Relying on Stolt-Nielsen, the Supreme Court ruled that ambiguity, like silence, does not provide a sufficient basis to conclude that parties to an arbitration agreement agreed to arbitrate on a classwide basis.

On April 24, 2019, the Supreme Court of the United States issued a 5-4 decision in Lamps Plus Inc. v. Varela, No. 17-988 (U.S. Apr. 24, 2019), holding that under the Federal Arbitration Act (FAA), a court cannot compel class arbitration if the arbitration agreement did not affirmatively authorize it. The ruling focuses on the parties’ actual consent to class proceedings and, significantly, rejects the application of the common-law rule that an ambiguous contract of adhesion is construed against its drafter insofar as: (1) the contract in question is an arbitration contract; and (2) the ambiguity concerns whether plaintiff-employees may arbitrate on a class basis.

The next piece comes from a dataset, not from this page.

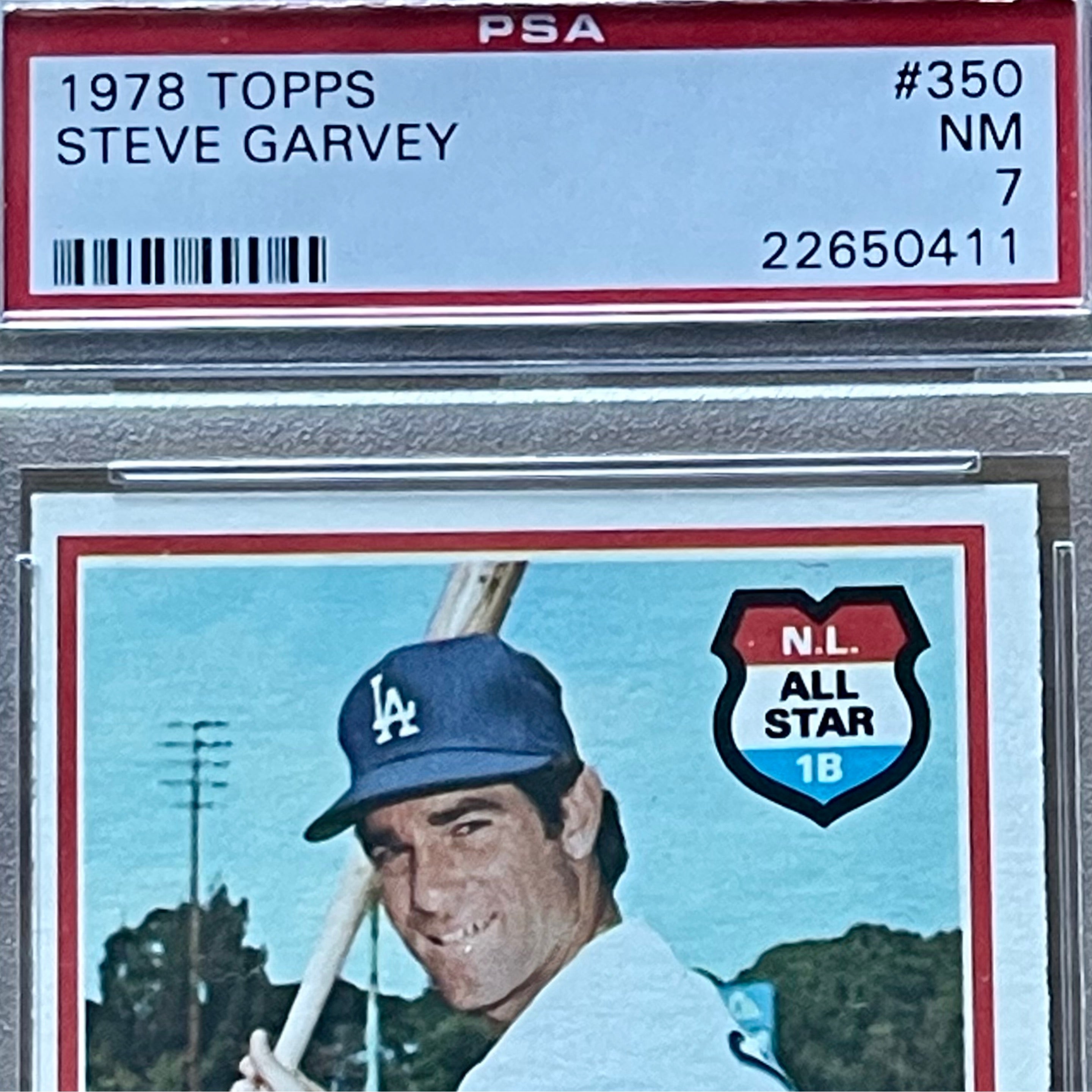 1978 Topps Steve Garvey #350 PSA 7 NM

The underlying cause of action in Lamps Plus arose when a hacker posed as a Lamps Plus official and tricked an employee into disclosing tax information relating to approximately 1,300 employees. Soon after the data breach, a fraudulent tax return was filed in employee Frank Varela’s name. Varela subsequently filed a putative class action in federal court against Lamps Plus on behalf of the employees whose information had been compromised.

However, Varela, like most Lamps Plus employees, had signed an arbitration agreement when he began working for the company. Relying on this agreement, Lamps Plus moved to dismiss Varela’s lawsuit and to compel individual arbitration. The district court dismissed the lawsuit and granted the motion to compel arbitration, but also ruled that Varela could proceed with arbitration on a classwide, not individual, basis.

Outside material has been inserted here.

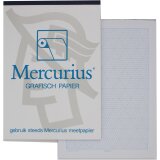 Mercurius papier graphique isométrique, 50 feuilles, ft A3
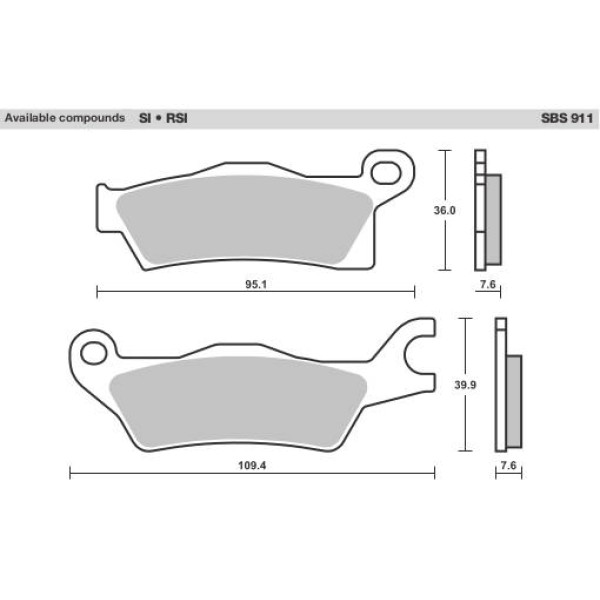 SBS Brake Pads  911 Series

Lamps Plus appealed to the Ninth Circuit, which affirmed the district court’s decision. The Ninth Circuit held that the arbitration agreement was ambiguous about whether it compelled class arbitration. The court applied the common law doctrine contra proferentem, which states that contract ambiguities are to be construed against the party that drafted the contract—in this case, Lamps Plus. As such, the court held that the arbitration agreement could be construed to include classwide arbitration.

The Ninth Circuit also rejected Lamps Plus’ argument that under the Supreme Court’s decision in Stolt-Nielsen v. Animalfeeds International Corp., 559 U.S. 662 (2010), a court cannot compel arbitration when an agreement is silent as to the availability of arbitration. The Ninth Circuit held Stolt-Nielsen was not controlling because the agreement Varela signed was ambiguous rather than silent on the issue of class arbitration.

The Supreme Court majority disagreed. Although the Supreme Court did not disturb the Ninth Circuit’s finding that the arbitration agreement should be treated as ambiguous, it further ruled that, under the FAA, an ambiguous agreement cannot provide the necessary contractual basis for concluding that the parties consented to class arbitration. The Supreme Court found that consent is “essential” under the FAA “because arbitrators wield only the authority they are given” by the parties. Arbitrators must “give effect to the intent of the parties,” and that intent cannot be inferred from an ambiguous arbitration provision.

The Supreme Court highlighted the three core principles underlying arbitrations:

  1. Parties must agree to arbitrate, and the FAA requires courts to enforce arbitration agreements according to their terms.
  2. Courts interpret arbitration agreements by applying state contract law, but the FAA preempts state laws that treat arbitration contracts differently from other contracts.
  3. There is a “fundamental difference” between class arbitration and the individualized form of arbitration envisioned by the FAA.

This third principle was key to the Supreme Court’s decision in Stolt-Nielsen, which held that arbitrators cannot order class arbitration when the arbitration agreement is silent as to the use of class procedures. Relying on Stolt-Nielsen, the Supreme Court ruled that ambiguity, like silence, does not provide a sufficient basis to conclude that parties to an arbitration agreement agreed to arbitrate on a classwide basis.

In sum, class arbitration can only be compelled where it has been explicitly authorized in an arbitration provision.

What This Means for Employment Contracts and Consumer Agreements

Arbitration agreements have become increasingly popular in employment contracts and consumer agreements because arbitration typically reins in the high costs associated with litigation. While the Supreme Court’s ruling in Lamps Plus is a win for employers and companies, it also underscores the importance of carefully drafting arbitration agreements to ensure their language is clear, enforceable and unambiguous. Although it may no longer be necessary to include an explicit class action waiver in an arbitration provision, it is still good practice to do so to eliminate any doubt that the parties do not consent to such. Employers and companies should take care to regularly review their arbitration agreements to confirm the agreements do not contain any opt-out provisions and apply to all relevant employees.